Solved – Variations in time series

time series

I'm trying to do some really simple Time Series work. I started off looking at monthly counts but the more I thought about it (and the more I read posts by IrishStat) the more I realised my view of this was fundamentally flawed. My main reason for thinking this is the plethora of timing issues there are with using monthly aggregate figures:

  • Varying month length
  • Varying numbers of weekdays
  • Weekends
  • Holidays

But what gets me is that this must be a really common issue, I mean practically every big company out there must have an executive report that includes monthly figures. How does one balance for the discrepancies between the months you are comparing?

I'm using R to slowly crawl through this stuff and currently I'm just looking at cross correlations with lag. I've looked at decomposition and how to adjust for seasonality but how does one adjust for dates that you know will have an effect on business activity? Is there a way to integrate a list of dates that should be treated differently or somehow compensate for the number of weekend/holiday days in a month (or in a week, or in a year)?

A general explanation of the concept would be much appreciated.

Edited to make the question more succinct:

I am looking at a time series of monthly counts. 2 examples from this time series would be:

  • February 2012 is 29 days long, has 8 weekend days and zero public holidays
  • May 2013 is 31 days long, also has 8 weekend days but also has 2 public holidays

How would I compare them without having my conclusions adversely affected by their differences?

  • I could divide by days in month but this doesn't take into account holidays
  • I could divide by working days in month, but this doesn't differentiate between a holiday and a weekend.

Best Answer

You asked for a general explanation of the concept. Your comments about the current status of forecasting at three levels of aggregation is dead on ! My answer may not precisely deal with some of your specific interests as you have focused on some distractions but I thought that I would share the follwing with you. I was asked to discuss how software I had helped write could deal with and accomodate monthly vs weekly vs daily forecasts.

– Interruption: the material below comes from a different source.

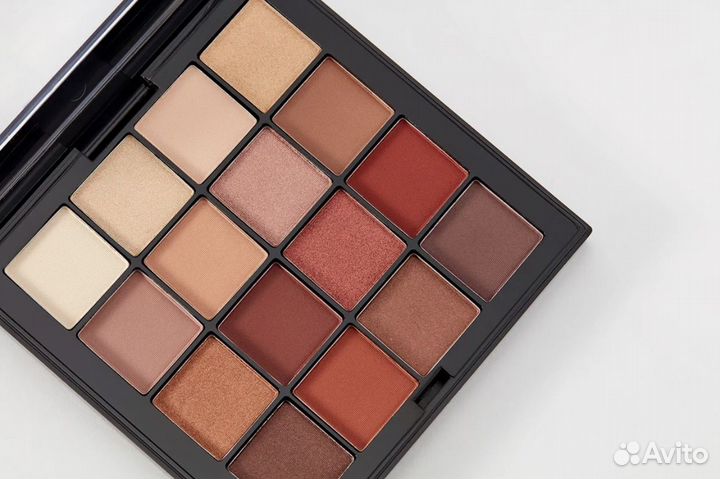 Палетка теней nyx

My response was in three parts : A. Overall comments on weekly versus monthly B. The argument for parsing the momrhly forecast to dai;ly using simple ratios C. The argument against #2 and FOR daily forecasts to be DIRECTLY developed and then used to make weekly and/or monthly forecasts.

Response A)

Monthly:

Advantages – Fast to compute, easier to model, easier to identify changes in trends, better for strategic long term forecasting

Disadvantages – If you need to plan as the daily level for capacity, people and spoilage of product then higher levels of forecasting won’t help understand the demand on a daily basis as a 1/30th ration estimate is clearly insufficient.

Causal variables that change on a frequent basis (ie daily/weekly – price, promotion) are not easily integrated into monthly analysis

Integrating Macroeconomic variables like Quarterly Unemployment requires an additional step of creating splines.

Weekly:

Advantages – When you can’t handle the modeling process at a daily level you “settle” for this. When you have very systematic cyclical cycles like “artic ice extents” that follow a rigid curve and not need for day of the week variations.

Disadvantages – Floating Holidays like Thanksgiving, Easter, Ramadan, Chinese New Year change every year and disrupt the estimate for the coefficients for the week of the year impact which CAN be handled by creating a variable for each.

The number of weeks in a year is subject to change and creates a statistical issue due to the fact that every year doesn’t have 52 weeks. We have seen the need to allocate the 53rd week to a “non-player” week to make the data a standard 52 week period which is workable, but disruptive compared to daily data.

Causal variables that change on a frequent basis (ie daily/weekly – price, promotion) are not easily integrated into monthly analysis

Integrating Macroeconomic variables like Quarterly Unemployment requires an additional step of creating splines.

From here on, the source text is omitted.